"Come on, Louis. You can do it." Miss Purviss, my Grade One teacher. |
Louis Shalako
I need to
talk to a mathematician.
(Either
that, or invent The Calculus of
Uncertainty. – ed.)
***
Okay. A
couple of weeks ago on Facebook, I said that if you could put only two extra
payments on a $10,000.00 loan over four years, it is better to do it sooner rather than later.
I also
said I couldn't really show the math. I will attempt to do so now. Just to keep
it simple, we'll call it a 12 % Annual Percentage Rate, or one percent per
month. Every month, they’re going to whack you with one percent on the remaining balance.
Assuming
roughly a $250.00 monthly payment, let's say you throw an extra fifty bucks on
that very first payment. Calculating on the balance, instead of owing
$9,750.00, now you only owe $9,700.00. Either way, the bank tacks one percent
onto the balance, and this is what you now owe. One percent of $9,750.00 equals
$97.50, so now you owe $9,847.50. One percent of $9,700.00 is $97.00. Now you
owe $9,797.00. Subtract one from the other. You have saved exactly fifty cents in
interest, and there’s your fifty bucks too.* But after your next $250.00 payment, having put in an
extra fifty only once, you owe $9,547.00. Add in one percent, i.e., $95.47. Not
having put down any extra this time, your new balance would be $9,642.47. This
is where it gets interesting. Subtract one from the other and you get a figure
of $95.47. You have done something very strange there...your fifty bucks is
there, and the other $45.47 had to
come from somewhere.
So let's make that second payment of an extra fifty bucks on a balance of $9547.00.
That’s
right, a measly fifty bucks.
That's
now $9,497.00. One percent of that is $95.00 rounding off. The interest on your
first, unmodified payment was $97.50, now, with only an extra pair of fifties
on there, it is down to only $95.00. What happened there? Your interest is
calculated on the balance, which is going down. By throwing in extra money, you
are reducing the balance, as well as the interest payment, as quickly as
possible. (It's still a one-percent rate for our purposes, and truth is, this
math don't quite work out as my own rate is 8.99 %. I've also rounded up the
payment a little, just to keep it simple.)
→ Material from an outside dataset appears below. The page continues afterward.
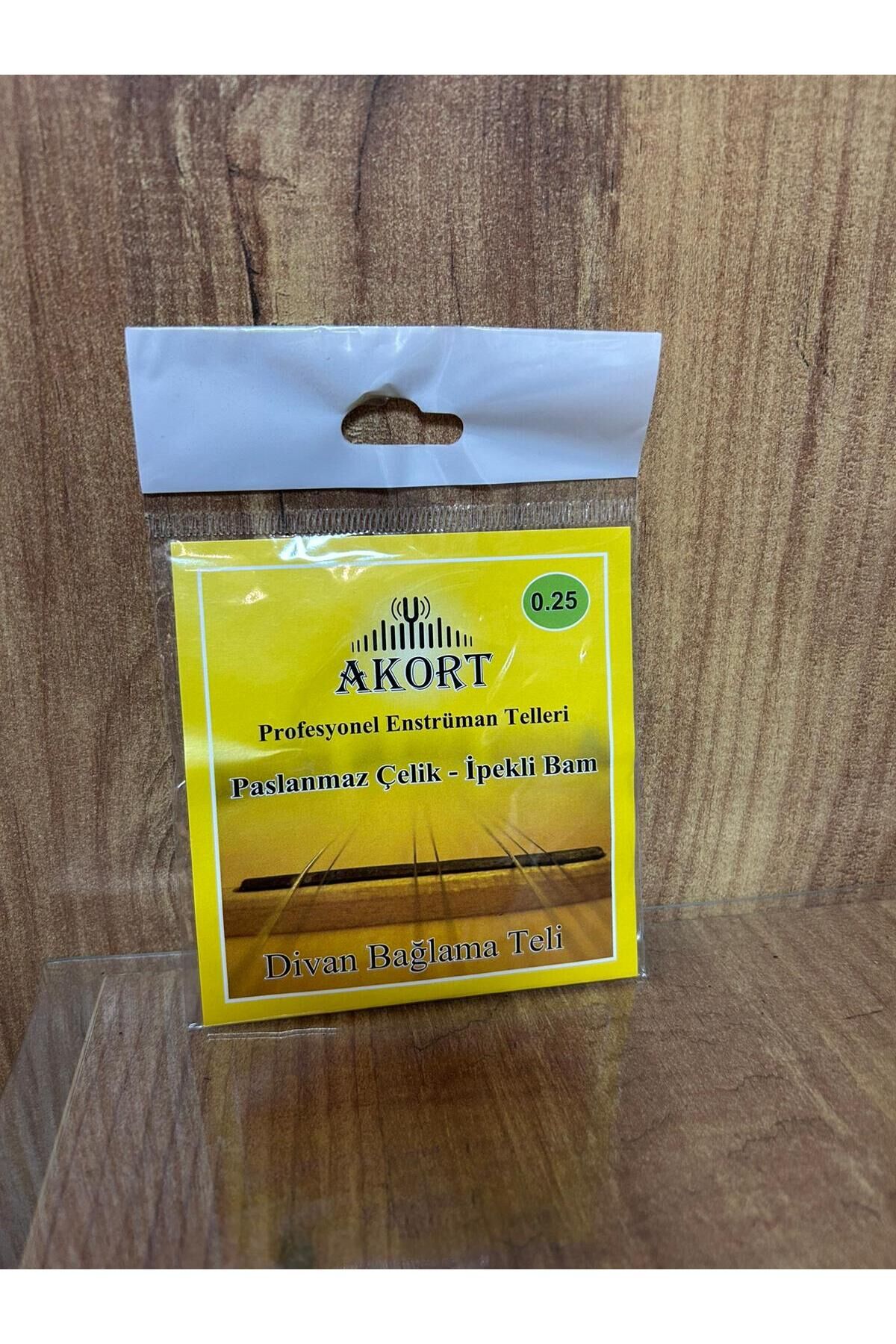 AKORT 0,25 DİVAN BAĞLAMA TELİ (PASLANMAZ ÇELİK)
At this point, you still have forty-six payments. So, it’s $2.50 times forty-six…right? So, all other things being equal, you have saved roughly $115.00 TOTAL interest, over the course of the four-year term, and your last payment will obviously be a hundred less because you've already paid it off. If you did that about halfway through the loan period, you would arguably only save about $57.50 in TOTAL interest. You will also save any interest on the last hundred bucks, because you’ve already paid that, this is where my own lack of math skills makes the logic a bit muddy. (Or maybe you’ve already said it, three different ways. – ed.) Now, if your loan rate is higher, you save more money with everything extra you can put on it.
If I’m
paying ten percent a year in interest, and you’re paying twenty percent, that
is all calculated on the balance. The story is not really about rates per se. Lower is obviously better, no
matter what you do with the payments.
However,
you can look up stuff like this on any number of
websites. These guys tend to think of making ‘extra’ payments a regular and
monthly occurrence, for the full term of the loan, so their online calculator
reflects that. In my current model, I cheated a bit and calculated ONE extra
(full) payment of $250.00 as an ‘extra’ $5.20 per month in order to use the
calculator. (It works out, more or less, although it must clearly have some curve of inaccuracy.) In any case, the
sources agree as to the ‘mathematical certainty’ of saving a lot of money in
interest and not incidentally, paying off the loan before term. So far, I have
only made one extra payment on the loan, about three or four months in. My big
goal is to put something extra on there in October, if I can possibly do it—it
doesn’t have to be a full payment. A hundred would be an achievement in itself.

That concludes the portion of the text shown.